After the turn of the twentieth century, Juergens’s output shifted from dark-toned figural images of European village life to impressionist landscape images in which figures are mere accessories. He became renowned for garden and floral images, many painted in his own neighborhood in the Chicago suburb of Oak Park, Illinois. Juergens also painted landscapes throughout the Chicago region and in southwestern Michigan, especially around Grand Rapids, possibly the setting shown here. The artist exhibited Michigan landscapes as early as 1909. He rarely dated his paintings, but this one reflects the fashions of the early 1910s, notably the relatively straight lines of the standing woman’s skirt and her straight sleeves, along with both figures’ wide-brimmed hats.
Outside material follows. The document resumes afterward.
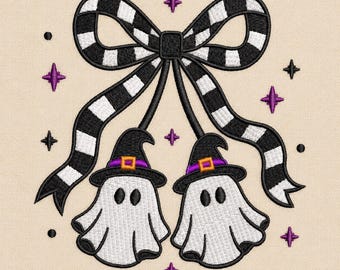 Coquette Halloween Ghost Bow Embroidery Design, Autumn Girly Machine Embroidery, Halloween Fall Embroidery File, Spooky Season Coquette Bow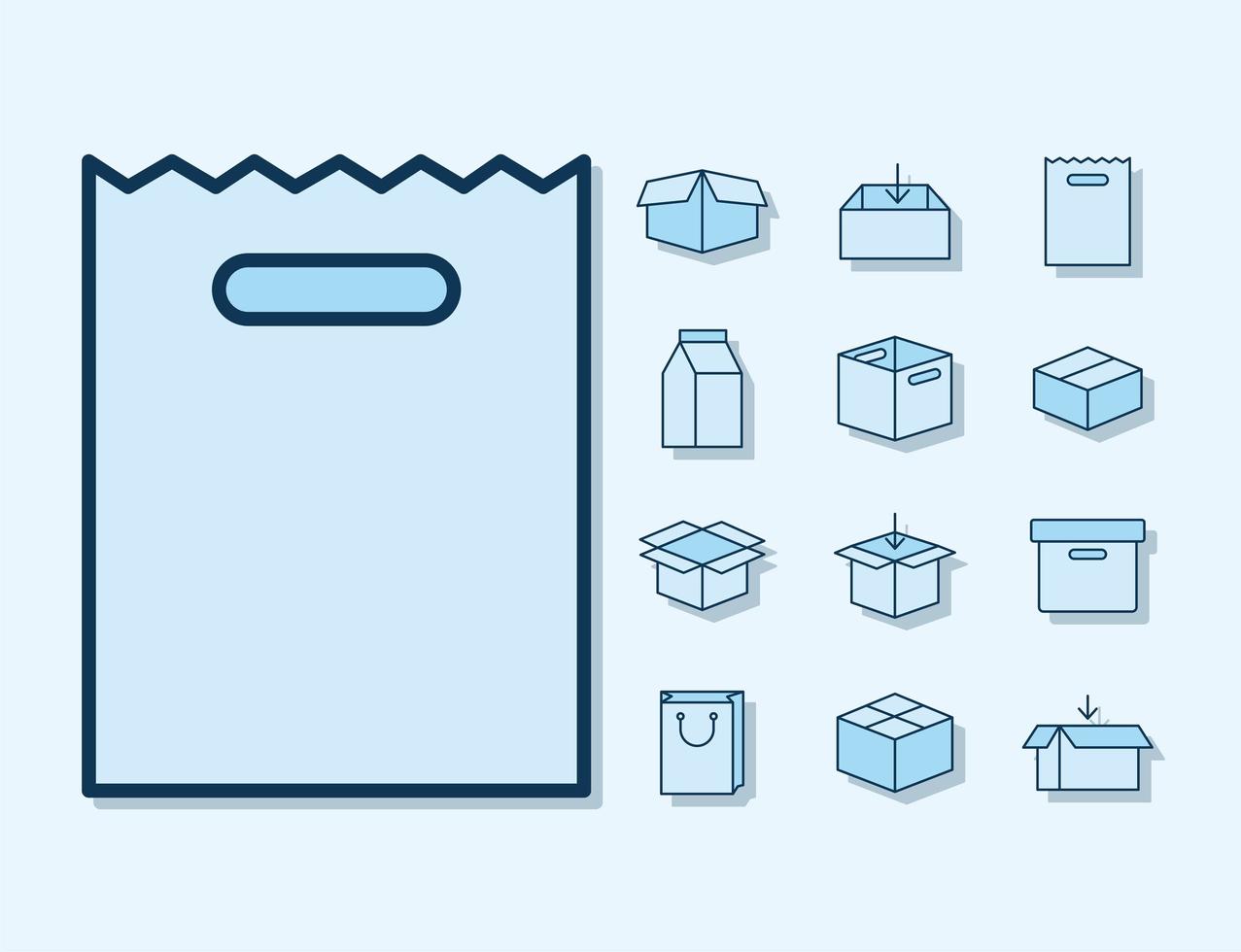set pakkettenpictogrammen op een lichtblauwe achtergrond vector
New England Asters combines a bucolic setting with Juergens’s interest in floral subjects. The flowers dominate the composition, as suggested by the title the artist inscribed on a label on the back of the painting. Notwithstanding its name, the New England aster grows wild throughout the upper Midwest, including Michigan. Here, however, the rapidly applied brushstrokes communicate not the specific appearance of the flowers but rather a generalized impression of rich texture and brilliant color. Reviewing one of several memorial exhibitions for Juergens in 1938, Chicago Tribune critic Eleanor Jewett might have been referring to New England Asters when she wrote that “A hillside of flowering weeds turns into a paradise under his brush.”i
Wendy Greenhouse, PhD
i Eleanor Jewett, “Give Juergens High Place in American Art,” Chicago Tribune, June 10, 1938.